Des photos de survivants de la Shoah exposées à l’ambassade d’Allemagne en Israël

Inaugurée mercredi, la nouvelle exposition "Humans of the Holocaust" présente au public des images saisissantes et parfois fantaisistes de 25 personnes qui ont triomphé des nazis

  • Dugo Leitner, un survivant d'Auschwitz-Birkenau, tenant un ballon en forme d'étoile juive que les nazis obligeaient les Juifs à porter. (Crédit : Erez Kaganovitz via JTA)
    Dugo Leitner, un survivant d'Auschwitz-Birkenau, tenant un ballon en forme d'étoile juive que les nazis obligeaient les Juifs à porter. (Crédit : Erez Kaganovitz via JTA)
  • L'exposition "Humans of the Holocaust" à l'ambassade d'Allemagne, à Tel Aviv. (Crédit : Erez Kaganovitz via JTA)
    L'exposition "Humans of the Holocaust" à l'ambassade d'Allemagne, à Tel Aviv. (Crédit : Erez Kaganovitz via JTA)
  • À gauche, le photographe Erez Kaganovitz travaillant sur son projet "Humans of the Holocaust" ; à droite : le portrait de Michael Sidko, le dernier survivant du massacre de Babi Yar, entouré de balles. (Crédit : Erez Kaganovitz via JTA)
    À gauche, le photographe Erez Kaganovitz travaillant sur son projet "Humans of the Holocaust" ; à droite : le portrait de Michael Sidko, le dernier survivant du massacre de Babi Yar, entouré de balles. (Crédit : Erez Kaganovitz via JTA)

JTA – La première fois que Gidon Lev a été confronté au déni de la Shoah, c’était après être devenu une star involontaire de TikTok à l’âge de 86 ans.

« J’ai été totalement choqué. Comment était-ce possible ? », a-t-il déclaré à la Jewish Telegraphic Agency, après avoir reçu des dizaines de commentaires l’accusant d’avoir menti au sujet des années passées dans un camp de concentration nazi lorsqu’il était enfant.

« Si seulement j’étais un menteur », a-t-il déclaré. « J’aurais alors un père, des grands-parents, des cousins, des tantes et des oncles. J’aurais eu une enfance. »

Avec un demi-million d’abonnés sur la populaire plate-forme de réseaux sociaux et 8,3 millions de « likes », Gidon Lev affirme que son message, qui consiste à lutter contre la haine et à défendre les opprimés, est universel. « La Shoah montre à quel point la haine peut être cruelle et horrible si on la laisse faire », a-t-il déclaré.
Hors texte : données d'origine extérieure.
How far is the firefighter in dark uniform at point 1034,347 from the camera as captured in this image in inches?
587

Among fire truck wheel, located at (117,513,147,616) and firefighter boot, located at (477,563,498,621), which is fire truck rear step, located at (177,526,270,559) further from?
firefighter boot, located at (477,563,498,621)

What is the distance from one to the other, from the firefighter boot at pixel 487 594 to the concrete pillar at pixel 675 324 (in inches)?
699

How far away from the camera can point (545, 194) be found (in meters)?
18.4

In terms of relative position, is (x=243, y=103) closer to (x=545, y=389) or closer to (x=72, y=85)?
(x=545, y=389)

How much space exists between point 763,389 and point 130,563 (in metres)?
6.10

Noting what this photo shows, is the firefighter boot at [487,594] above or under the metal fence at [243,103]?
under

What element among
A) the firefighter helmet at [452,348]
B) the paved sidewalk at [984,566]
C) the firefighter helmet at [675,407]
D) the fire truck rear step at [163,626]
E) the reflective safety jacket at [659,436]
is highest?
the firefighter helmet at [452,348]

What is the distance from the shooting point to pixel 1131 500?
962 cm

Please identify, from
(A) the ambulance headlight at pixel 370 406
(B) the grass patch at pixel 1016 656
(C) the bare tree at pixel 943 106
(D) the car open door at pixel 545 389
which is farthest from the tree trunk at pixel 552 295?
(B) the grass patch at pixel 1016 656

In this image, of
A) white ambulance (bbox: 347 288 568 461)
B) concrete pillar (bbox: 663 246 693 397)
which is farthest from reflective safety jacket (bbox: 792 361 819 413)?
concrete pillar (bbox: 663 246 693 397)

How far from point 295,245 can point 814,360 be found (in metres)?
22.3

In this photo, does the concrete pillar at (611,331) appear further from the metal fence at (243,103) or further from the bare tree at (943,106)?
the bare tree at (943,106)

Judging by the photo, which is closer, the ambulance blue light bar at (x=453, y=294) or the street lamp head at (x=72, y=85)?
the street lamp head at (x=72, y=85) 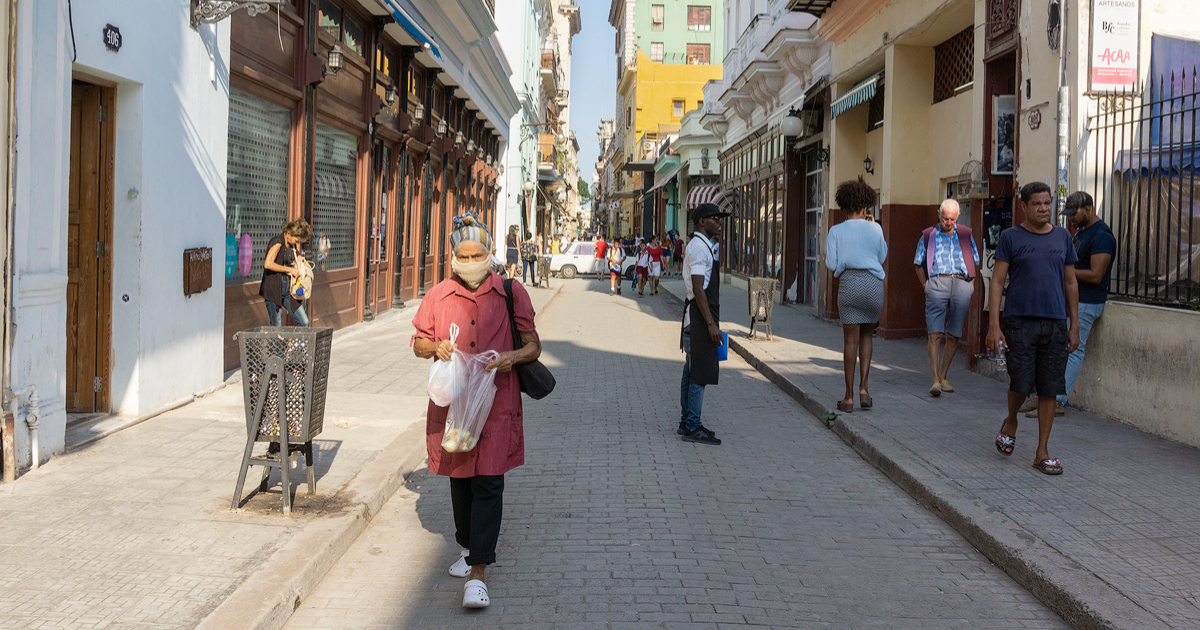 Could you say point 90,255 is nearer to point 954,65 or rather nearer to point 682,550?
point 682,550

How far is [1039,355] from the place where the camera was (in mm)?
6055

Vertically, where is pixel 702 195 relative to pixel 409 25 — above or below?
below

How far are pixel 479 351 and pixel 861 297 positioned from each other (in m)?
4.62

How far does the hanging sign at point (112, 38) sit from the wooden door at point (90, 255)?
1.48 feet

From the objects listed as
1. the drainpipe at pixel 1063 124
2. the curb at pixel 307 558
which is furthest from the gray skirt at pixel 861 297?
the curb at pixel 307 558

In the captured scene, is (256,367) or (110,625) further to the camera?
(256,367)

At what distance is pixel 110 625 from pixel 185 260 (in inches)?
182

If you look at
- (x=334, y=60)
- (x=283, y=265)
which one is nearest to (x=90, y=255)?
(x=283, y=265)

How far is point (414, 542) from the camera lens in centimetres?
492

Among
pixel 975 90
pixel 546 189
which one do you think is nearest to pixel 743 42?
pixel 975 90

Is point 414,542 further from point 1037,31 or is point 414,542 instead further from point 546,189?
point 546,189

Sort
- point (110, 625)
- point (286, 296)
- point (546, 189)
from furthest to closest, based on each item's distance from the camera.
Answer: point (546, 189)
point (286, 296)
point (110, 625)

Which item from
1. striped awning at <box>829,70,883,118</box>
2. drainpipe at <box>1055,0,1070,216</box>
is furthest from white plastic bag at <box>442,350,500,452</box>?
striped awning at <box>829,70,883,118</box>

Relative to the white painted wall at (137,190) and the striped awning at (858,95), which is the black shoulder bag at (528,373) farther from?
the striped awning at (858,95) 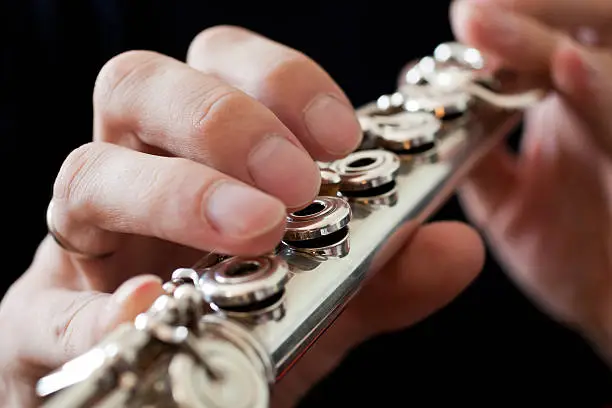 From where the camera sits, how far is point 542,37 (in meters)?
0.60

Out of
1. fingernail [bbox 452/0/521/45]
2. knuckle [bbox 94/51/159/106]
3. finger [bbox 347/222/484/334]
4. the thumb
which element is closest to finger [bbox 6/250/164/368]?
the thumb

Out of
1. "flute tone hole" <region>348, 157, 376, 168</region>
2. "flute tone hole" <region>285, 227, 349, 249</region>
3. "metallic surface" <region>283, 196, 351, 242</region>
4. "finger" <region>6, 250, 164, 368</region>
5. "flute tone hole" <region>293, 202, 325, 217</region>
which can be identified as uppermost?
"metallic surface" <region>283, 196, 351, 242</region>

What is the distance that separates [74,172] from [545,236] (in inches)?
23.2

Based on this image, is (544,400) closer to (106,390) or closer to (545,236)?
(545,236)

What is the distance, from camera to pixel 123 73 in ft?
1.32

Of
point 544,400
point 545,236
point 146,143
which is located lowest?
point 544,400

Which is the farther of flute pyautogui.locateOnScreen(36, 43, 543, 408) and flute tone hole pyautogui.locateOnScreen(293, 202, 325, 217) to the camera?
flute tone hole pyautogui.locateOnScreen(293, 202, 325, 217)

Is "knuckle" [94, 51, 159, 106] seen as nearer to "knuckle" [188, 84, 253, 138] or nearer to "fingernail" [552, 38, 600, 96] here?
"knuckle" [188, 84, 253, 138]

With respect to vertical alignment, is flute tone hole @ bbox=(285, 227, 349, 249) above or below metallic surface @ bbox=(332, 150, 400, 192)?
below

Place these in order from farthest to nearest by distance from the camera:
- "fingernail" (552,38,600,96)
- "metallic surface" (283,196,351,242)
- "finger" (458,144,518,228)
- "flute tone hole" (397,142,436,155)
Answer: "finger" (458,144,518,228)
"fingernail" (552,38,600,96)
"flute tone hole" (397,142,436,155)
"metallic surface" (283,196,351,242)

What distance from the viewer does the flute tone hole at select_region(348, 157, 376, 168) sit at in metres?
0.42

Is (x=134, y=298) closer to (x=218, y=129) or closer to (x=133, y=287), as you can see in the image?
(x=133, y=287)

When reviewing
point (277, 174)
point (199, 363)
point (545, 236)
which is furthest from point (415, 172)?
point (545, 236)

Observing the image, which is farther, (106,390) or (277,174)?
(277,174) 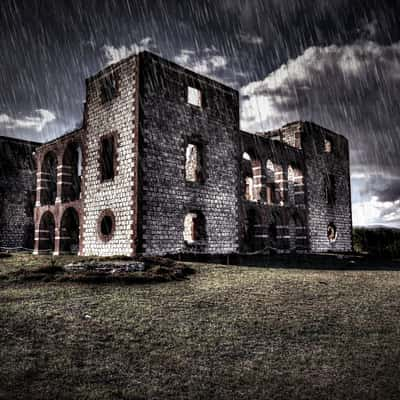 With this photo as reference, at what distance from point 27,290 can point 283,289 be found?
5867mm

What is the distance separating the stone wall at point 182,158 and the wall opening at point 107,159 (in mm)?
2553

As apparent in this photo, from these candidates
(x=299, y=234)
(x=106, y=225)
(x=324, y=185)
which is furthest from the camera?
(x=324, y=185)

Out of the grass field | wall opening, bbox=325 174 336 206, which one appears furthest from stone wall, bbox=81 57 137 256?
wall opening, bbox=325 174 336 206

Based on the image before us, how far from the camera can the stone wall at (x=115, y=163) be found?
52.0 ft

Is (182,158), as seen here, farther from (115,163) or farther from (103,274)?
(103,274)

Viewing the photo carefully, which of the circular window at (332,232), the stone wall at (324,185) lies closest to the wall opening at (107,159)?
the stone wall at (324,185)

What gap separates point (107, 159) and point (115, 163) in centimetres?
144

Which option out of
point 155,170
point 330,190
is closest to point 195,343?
point 155,170

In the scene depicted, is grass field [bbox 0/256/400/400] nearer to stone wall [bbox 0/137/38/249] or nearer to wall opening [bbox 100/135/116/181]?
wall opening [bbox 100/135/116/181]

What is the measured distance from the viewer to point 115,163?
54.7 ft

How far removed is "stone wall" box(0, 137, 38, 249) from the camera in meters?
25.6

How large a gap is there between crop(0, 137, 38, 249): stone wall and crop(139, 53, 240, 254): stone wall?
1401 cm

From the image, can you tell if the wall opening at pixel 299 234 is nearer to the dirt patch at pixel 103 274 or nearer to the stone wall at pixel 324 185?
the stone wall at pixel 324 185

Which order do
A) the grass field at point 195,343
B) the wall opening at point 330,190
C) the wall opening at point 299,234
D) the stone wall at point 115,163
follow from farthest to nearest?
the wall opening at point 330,190, the wall opening at point 299,234, the stone wall at point 115,163, the grass field at point 195,343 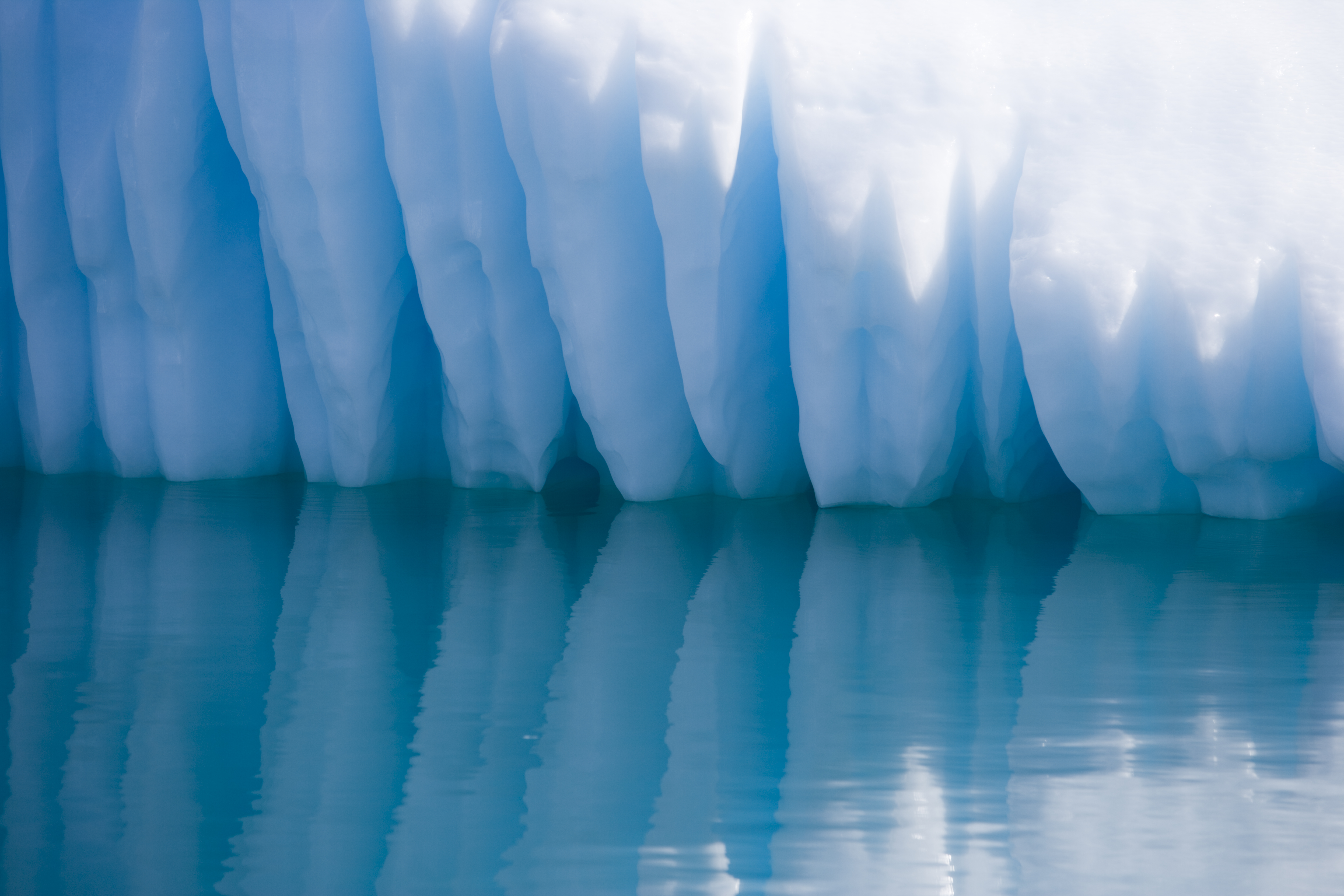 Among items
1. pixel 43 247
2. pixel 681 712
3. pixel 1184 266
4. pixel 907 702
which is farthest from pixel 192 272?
pixel 907 702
Aujourd’hui, son histoire fait l’objet d’une nouvelle exposition, sur les murs de l’ambassade d’Allemagne à Tel Aviv. Lev est l’un des 25 survivants de la Shoah présentés dans une nouvelle exposition intitulée « Humans of the Holocaust » (Les humains de la Shoah), qui a été inaugurée mercredi, à l’occasion de Yom HaShoah.

« L’importance de cette exposition à l’occasion de Yom HaShoah en Israël, à l’ambassade d’Allemagne en Israël, ne m’a pas échappé », a déclaré Erez Kaganovitz, le photographe à l’origine du projet « Humans of the Holocaust ».

Kaganovitz, qui est basé à Tel Aviv, a déclaré qu’il avait lancé « Humans of the Holocaust » en tant qu’émanation de son projet photographique « Humans of Tel Aviv » il y a plusieurs années, après qu’une photo de la série soit devenue virale. (« Humans of Tel Aviv » est lui-même inspiré du projet emblématique « Humans of New York »). La photo représente quatre avant-bras – ceux de Yosef Diament, survivant de la Shoah, de sa fille et de ses petits-enfants – tous tatoués du même numéro. Les membres de la famille de Diament ont tatoué son numéro de détenu à Auschwitz pour lui rendre hommage. Kaganovitz a été choqué lorsque des commentateurs ont demandé pourquoi quelqu’un se tatouait un code-barres sur le bras.

Gidon Lev, survivant de la Shoah et influenceur sur TikTok, à Prague, en janvier 2023. (Autorisation)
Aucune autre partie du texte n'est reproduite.